Freshman guard Kellen Dunham, who returned to the bench Saturday after replacing Clarke in the starting lineup for the previous three games, still managed to make 5 of 6 from 3-point range and finished with 17 points.

Forward Roosevelt Jones, who made the winning shot last week against then No. 8 Gonzaga, finished with nine points, three rebounds and three assists, and the Bulldogs wound up shooting 52 percent from the field overall.

The combination was just too much for Temple.

"When a kid like Dunham comes off the bench and does what he did today, that's difficult to defend," Dunphy said. "Then you've got Clarke on the other side, that's tough to tag and then when a kid like Marshall hits some shots from outside... They've got a lot of weapons, no doubt. I like their team."

Dunphy was just hoping for better results in Temple's first ever trip to Hinkle Fieldhouse and in a week that Philly basketball was the toast of the nation.

In addition to La Salle's court-storming win Wednesday, Villanova beat Louisville and Syracuse this week.

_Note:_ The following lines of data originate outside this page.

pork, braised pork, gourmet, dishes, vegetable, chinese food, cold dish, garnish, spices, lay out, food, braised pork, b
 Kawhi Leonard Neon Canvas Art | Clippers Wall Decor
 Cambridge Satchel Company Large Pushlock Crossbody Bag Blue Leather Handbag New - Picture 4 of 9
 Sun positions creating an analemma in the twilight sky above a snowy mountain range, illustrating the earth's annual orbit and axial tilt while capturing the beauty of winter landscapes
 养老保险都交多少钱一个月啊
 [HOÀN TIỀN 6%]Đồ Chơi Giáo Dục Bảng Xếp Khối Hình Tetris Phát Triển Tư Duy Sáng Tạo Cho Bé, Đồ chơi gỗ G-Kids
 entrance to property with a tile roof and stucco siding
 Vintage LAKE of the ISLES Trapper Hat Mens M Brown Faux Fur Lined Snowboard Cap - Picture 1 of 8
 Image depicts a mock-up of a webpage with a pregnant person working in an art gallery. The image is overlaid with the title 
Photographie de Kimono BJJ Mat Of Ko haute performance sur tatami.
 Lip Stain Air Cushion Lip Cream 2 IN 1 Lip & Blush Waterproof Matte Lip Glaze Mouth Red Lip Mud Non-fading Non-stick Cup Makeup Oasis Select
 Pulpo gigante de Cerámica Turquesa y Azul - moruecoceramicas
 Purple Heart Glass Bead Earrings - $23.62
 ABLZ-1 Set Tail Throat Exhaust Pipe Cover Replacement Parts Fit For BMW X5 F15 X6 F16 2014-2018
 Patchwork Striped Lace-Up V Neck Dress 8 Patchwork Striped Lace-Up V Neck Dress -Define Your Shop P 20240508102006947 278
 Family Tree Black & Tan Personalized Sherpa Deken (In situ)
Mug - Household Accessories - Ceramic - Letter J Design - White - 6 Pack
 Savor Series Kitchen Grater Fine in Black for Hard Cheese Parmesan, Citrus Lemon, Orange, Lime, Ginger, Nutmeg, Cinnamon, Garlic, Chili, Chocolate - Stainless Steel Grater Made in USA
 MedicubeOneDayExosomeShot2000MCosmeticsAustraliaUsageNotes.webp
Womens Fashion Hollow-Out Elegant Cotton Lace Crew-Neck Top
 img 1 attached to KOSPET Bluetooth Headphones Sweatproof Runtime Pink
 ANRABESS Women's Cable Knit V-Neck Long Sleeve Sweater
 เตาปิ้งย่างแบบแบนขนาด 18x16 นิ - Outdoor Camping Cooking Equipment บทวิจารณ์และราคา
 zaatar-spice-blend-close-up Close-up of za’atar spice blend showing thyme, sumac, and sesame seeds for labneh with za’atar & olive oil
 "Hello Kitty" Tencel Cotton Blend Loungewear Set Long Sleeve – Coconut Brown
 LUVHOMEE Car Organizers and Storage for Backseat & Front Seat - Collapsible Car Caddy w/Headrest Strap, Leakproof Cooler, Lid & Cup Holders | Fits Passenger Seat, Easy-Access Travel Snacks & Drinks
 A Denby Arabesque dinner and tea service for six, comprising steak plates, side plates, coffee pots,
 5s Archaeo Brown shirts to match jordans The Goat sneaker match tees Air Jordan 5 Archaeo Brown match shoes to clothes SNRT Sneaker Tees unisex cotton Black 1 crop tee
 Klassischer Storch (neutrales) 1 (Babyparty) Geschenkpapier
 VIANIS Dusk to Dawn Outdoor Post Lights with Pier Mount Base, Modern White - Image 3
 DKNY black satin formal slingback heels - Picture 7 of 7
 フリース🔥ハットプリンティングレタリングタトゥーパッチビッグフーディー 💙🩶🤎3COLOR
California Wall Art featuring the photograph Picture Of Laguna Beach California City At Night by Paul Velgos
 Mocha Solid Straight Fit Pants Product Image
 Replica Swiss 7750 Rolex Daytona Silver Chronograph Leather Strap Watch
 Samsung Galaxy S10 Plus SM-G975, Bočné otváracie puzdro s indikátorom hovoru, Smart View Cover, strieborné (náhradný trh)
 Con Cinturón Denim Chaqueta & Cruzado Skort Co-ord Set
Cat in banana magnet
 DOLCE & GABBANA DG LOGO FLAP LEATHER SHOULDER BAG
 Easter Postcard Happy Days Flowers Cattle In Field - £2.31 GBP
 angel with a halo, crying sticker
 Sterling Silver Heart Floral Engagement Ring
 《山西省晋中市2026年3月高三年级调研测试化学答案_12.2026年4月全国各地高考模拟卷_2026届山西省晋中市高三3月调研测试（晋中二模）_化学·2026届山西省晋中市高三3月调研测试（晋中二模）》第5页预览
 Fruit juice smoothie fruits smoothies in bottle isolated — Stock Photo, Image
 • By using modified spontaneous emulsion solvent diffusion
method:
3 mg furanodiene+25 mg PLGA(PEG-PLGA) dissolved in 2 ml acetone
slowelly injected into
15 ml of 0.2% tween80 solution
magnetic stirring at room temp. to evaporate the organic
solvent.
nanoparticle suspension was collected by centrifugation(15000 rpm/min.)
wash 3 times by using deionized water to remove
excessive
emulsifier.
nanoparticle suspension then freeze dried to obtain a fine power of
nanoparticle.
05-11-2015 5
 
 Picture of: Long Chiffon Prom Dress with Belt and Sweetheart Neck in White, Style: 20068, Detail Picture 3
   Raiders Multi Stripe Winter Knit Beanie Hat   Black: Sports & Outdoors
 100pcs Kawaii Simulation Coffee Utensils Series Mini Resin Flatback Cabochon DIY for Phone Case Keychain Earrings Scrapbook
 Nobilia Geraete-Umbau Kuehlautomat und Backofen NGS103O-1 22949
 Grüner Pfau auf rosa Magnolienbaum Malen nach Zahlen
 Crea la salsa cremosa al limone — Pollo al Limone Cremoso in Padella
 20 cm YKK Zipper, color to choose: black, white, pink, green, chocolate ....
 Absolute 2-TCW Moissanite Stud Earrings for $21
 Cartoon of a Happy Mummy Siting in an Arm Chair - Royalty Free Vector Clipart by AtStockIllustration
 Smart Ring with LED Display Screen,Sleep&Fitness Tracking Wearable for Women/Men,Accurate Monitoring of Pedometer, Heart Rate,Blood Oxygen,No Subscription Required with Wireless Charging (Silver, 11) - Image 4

But Temple failed in its quest Saturday, dropping to 1-3 against the Top 10 this season, largely because of Clarke, who sat out last season after transferring from Arkansas.

Despite losing starting guard T.J. DiLeo with a high ankle sprain in the first three minutes, Temple managed to control the first part of the game.

The Bulldogs swung things in their favor with a 12-0 first-half run that allowed them to take a 37-34 led into the locker room that they extended by scoring the first seven points of the second half.

Temple charged back after trailing 51-38, using an 18-5 spurt to tie the score at 56 on Rahlir Hollis-Jefferson's three-point play.

But that's when the Bulldogs cranked it up.

Marshall broke the tie with a dunk with an assist from Clarke and Dunham hit back-to-back 3s, both with assists from Clarke. Jones turned a nifty pass from Andrew Smith into a layup, Smith followed that flurry with two free throws and then Jones scored on another layup, courtesy of yet another pass from Clarke. When the 16-4 spurt ended, the Bulldogs led 72-60, leaving Temple in the dust.

"We're better in transition time when Rotnei's in the game because of the way he passes and because he's a threat to shoot when he crossed midcourt," Brad Stevens said. "It was heart-warming to have him back on the court, knowing what he went through and how hard it was for him."